Let my whole heart praise thee, thou God of my salvation. Let my whole life be consecrated unto thee. The work, O! Lord, is thine. Thou alone canst new-create the soul. Perform this act of grace, this miracle of mercy for thy own glory and to thy everlasting praise. Amen and Amen.
O! come, ye servants of the Lord,
His boundless love and grace record,
Strike up your harps, and sweetly sing
To him your grateful tribute bring,
Declare what wonders he hath done,
The Priest upon his throne.
Sing of his rich and sov'reign grace-
Sing how he died to save our race
He died for us-he made our peace;
May each revolving year inflame
Our zeal, delight, and love;
Till round the throne we chaunt his name
O! come, ye servants of the Lord,
LX. ON FAITH.
The heart of man is like a weight, whose natural bias is downward. Nothing but a power independent of itself, can cause it to ascend heavenward. The attraction of gravitation is not more powerful in its effects on the various parts of the universe, than is the debasing force of natural corruption in the heart of fallen man.

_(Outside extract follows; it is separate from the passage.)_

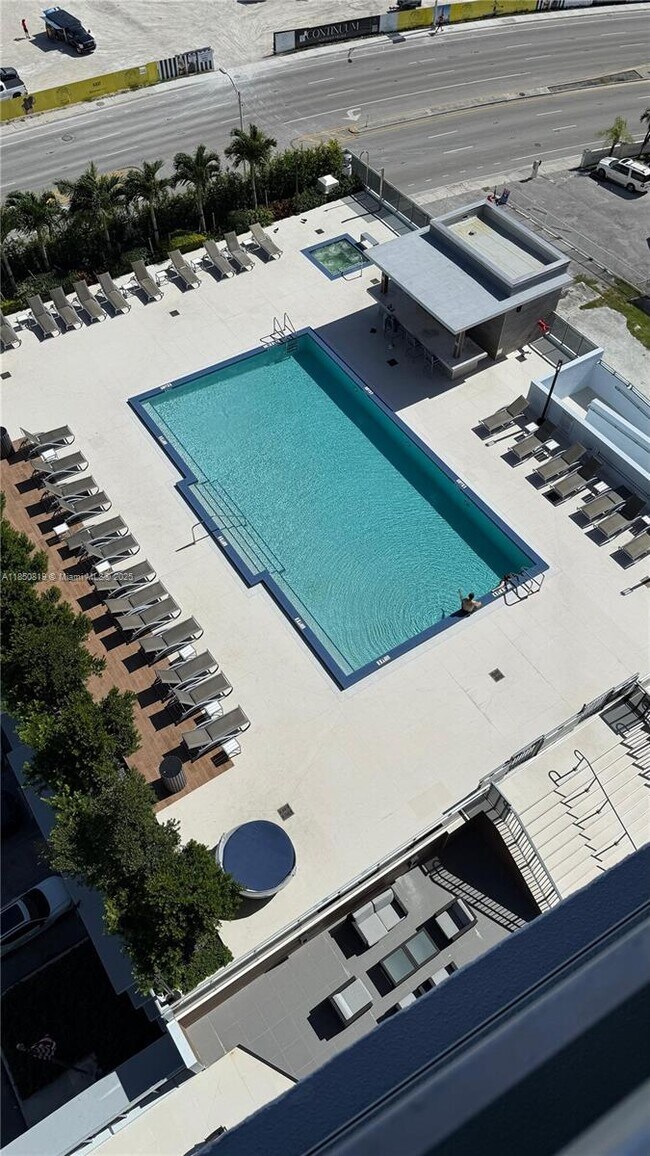 Foto del edificio - 7901 Hispanola Ave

There is however a counteracting principle-an attracting influence which can draw the soul from earth to heaven, and unite it to the blessed God.

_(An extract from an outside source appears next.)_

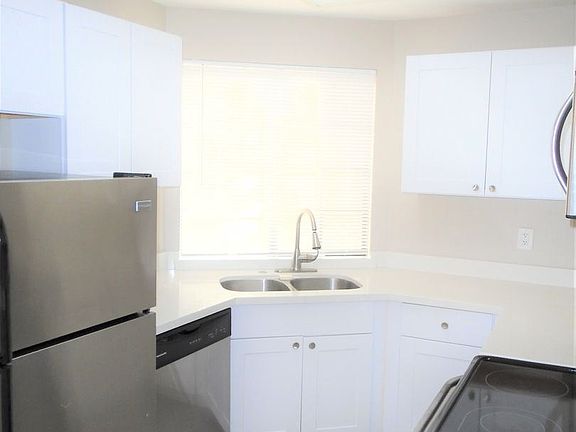 3rd image of 930 N Mesa Dr Unit 2089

This principle is Faith. Without faith it is impossible to please God; because, till we truly believe in Jesus, we are in a state of guilt and condemnation.
True faith is not a mere passive impression; or an inoperative notion. It is a holy principle wrought in the soul by the Spirit of God, producing gracious habits, holy affections, filial reverence and obedience.

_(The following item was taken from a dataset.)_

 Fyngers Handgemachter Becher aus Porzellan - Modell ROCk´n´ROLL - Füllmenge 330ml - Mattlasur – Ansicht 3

Faith is seated in the heart; influencing and purifying the whole inner man.
Faith unites the soul to Christ, as the branch to the vine. It draws virtue from him, whereby the believer is rendered fruitful in every good work. The sweet fruits of the Spirit appear and abound in rich luxuriancy on these favoured branches to the glory of God.
Faith places the soul upon Christ, as the only Foundation, on which it is built up a holy temple unto the Lord, unhurt by all the winds and storms which beat upon it.